Sentiu então uma certa inveja daquela pessoa que um dia mereceu presentes, surpresas, declarações, cartas. Um certo rancor de si mesma de ter transformado tanta coisa repleta de significado em pequenos bibelôs espelhados pela casa. Bibelôs empoeirados, esquecidos, etiquetados com datas mentais e que sempre diziam "você já pôde ser feliz". E tinha sido. Mas sempre procurou uma espécie de felicidade completa e nada, nada a preenchia. Nem o emprego (razoavelmente bem sucedido), nem os amigos (vários, sempre presentes), muito menos as novas conquistas (costumava ser apaixonante). Tinha uma preguiça imensa de dividir sua vida com outra pessoa, ensaiar novos ritos, dar significado à novas coisas. Ficava ali, então. Ela, sua solidão amiga, os livros, os discos, as falsas demonstrações de afeto que costumavam vir de tempos em tempos, conforme a necessidade de um novo amor que raramente saia do campo platônico. É que as pessoas costumam ser extremamente desinteressantes quando chegam à luz da realidade. Quase feias. Esse amor ideal não existe, amor acontece no dia-a-dia. Acontece nos passeios de mãos dadas no mercado, quando resolvem trocar o almoço por nuggets. Amor acontece nos domingos à tarde deitados na cama olhando o teto e conversando sobre a vida. Amor acontece quando a gente não está prestando muita atenção, não está fazendo nada de muito grandioso. Nenhuma declaração muito ensaiada, nenhum presente muito caro. Amor é um troço cotidiano, nem tão bonito assim, porque é meio frágil. É mais ou menos como um arco íris, ou uma borboleta. Um dia acaba, ou se tocar muito fundo pode desintegrar. A última coisa que lembra, sobre um desses amores aconteceu na cama do quarto, quando os dois deitados não esboçavam mais emoção, só cansaço. As pernas entrelaçadas, os rostos colados e um eterno cansaço. O cansaço do fim do amor. De quem andou demais, esfolou os pés e de repente não sente mais forças pra continuar.
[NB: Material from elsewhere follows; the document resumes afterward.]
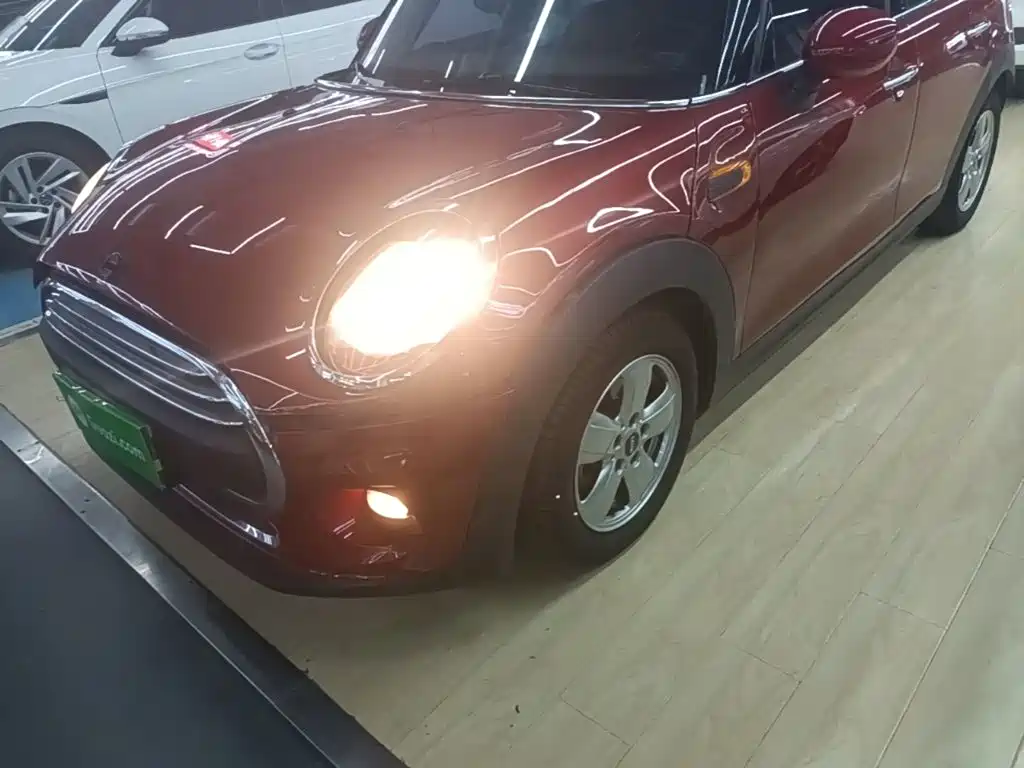 Mini 2016 1.2T one Five Door Edition купить на сайте DeffCars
Mas as despedidas são bonitas. Os ritos, sempre os ritos. Um último beijo, a misericórdia, um gosto doce. Nenhum desses presentes sabia que um dia torna-se-ia bibelô. Enfeite de mesinha de centro, de cabeceira, empoeirado pelo tempo e pesado de tanta lembrança. Pegou um deles na mão, lembrou do momento. Talvez os significados ainda estivessem ali. O sentimento não. Mesmo que ainda existisse, existiria transmutado. E, além do mais, depois de tanta solidão ancestral nem tinha como tirar a poeira que o tempo deixou nos presentes - e no coração. Sentiu uma espécie de gratidão. Ao mundo, ao amor, ao sentimento, à ele. Queria deixar eternizado em algum lugar que já tinha sido feliz. Colou uma etiqueta embaixo de uma boneca, escreveu a data que se lembrava "por volta de setembro" e completou "alguém me fez feliz com isso". Botou de volta no lugar, limpou a poeira e sorriu. Tinha criado uma espécie de mausoléu para a felicidade. Que hoje jazia enterrada a sete palmos e tomava cada vez mais distância do amor.